Hello Incredible Professionals,
Last week we dipped our toes into the co-regulation waters together, reflecting on our own regulatory patterns. This week, I want to share some approaches that have transformed my work – and might just do the same for yours.
Co-Regulation: More Than Just Techniques
In my journey working with children and families, I’ve discovered that co-regulation isn’t about having a perfect toolkit of strategies. It’s about creating a way of being together that invites safety and connection. I think of it as having three beautiful, interwoven strands:
- The Power of Presence: When I first started this work, I was so focused on what to dothat I missed the power of simply being. Your regulated presence – the rhythm of your breath, the warmth in your eyes, the steadiness in your voice – this is the light that helps another nervous system find its way home.
I’ve seen a child shift from complete meltdown to connection simply because someone sat nearby with calm, accepting energy. No words needed. Just the anchor of presence.
Try this: Before your next interaction with a dysregulated child, take 30 seconds to check in with yourself. Place a hand on your heart, take three deep breaths, and set an intention to be the steady presence they can borrow when their own regulation is nowhere to be found.
- Creating Spaces That Speak Safety: Our bodies are constantly scanning our environment, looking for cues of danger or safety. I’ve found small environmental shifts can make profound differences:
In one classroom I worked with, simply lowering the overhead lights and adding soft lamps changed the emotional temperature immediately. In a therapy room, creating a cozy corner with weighted blankets and soft textures gave children a tangible place to feel held when emotions became too big.
Ask yourself: What sensory elements in your environment might be sending “danger” signals to sensitive nervous systems? What small changes might whisper “you’re safe here”?
- Building Bridges to Self-Awareness: Ultimately, our goal is to help children develop their own regulation capacity. This happens through gentle, consistent invitations to notice what’s happening in their bodies.

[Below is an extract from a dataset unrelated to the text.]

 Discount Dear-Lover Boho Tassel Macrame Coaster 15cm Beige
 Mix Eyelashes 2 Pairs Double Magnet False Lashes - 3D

I love asking simple questions like: “Where in your body do you feel that?” “What color would that feeling be?” “If that feeling could speak, what might it say?”
These questions build the neural pathways connecting sensation, emotion, and meaning – the foundation of emotional intelligence.

Finding Your Co-Regulation Style
What I’ve learned over the years is that effective co-regulation looks different across settings and relationships. What matters is finding authentic ways to embody these principles that feel true to you and your context.
In Educational Spaces: Connection doesn’t have to take a lot of time. One teacher I work with begins each day with a 60-second check-in where students simply place themselves on a feelings chart. This tiny ritual creates a moment of being seen before the busy day begins.
In Therapeutic Relationships: I’ve found that starting sessions with shared regulation activities – even just synchronized breathing with bubbles for 30 seconds – creates a foundation that makes deeper work possible.
In Family Support: Sometimes the most powerful intervention is simply witnessing a parent’s own dysregulation with compassion, creating a space where they can feel their own feelings before trying to hold their child’s.

Rather than a rigid exercise, I invite you to explore with curiosity:
- What elements of co-regulation already feel natural in your work?
- Where do you feel resistance or uncertainty?
- What’s one small, authentic shift you might try this week?
Whatever you discover, I’d love to hear about it. Your insights and questions help our whole community grow deeper in this practice.
A reflection that guides my work: When I find myself focusing too much on changing a child’s behavior, I gently return to this question – “What might their nervous system need right now to feel safe enough to change?”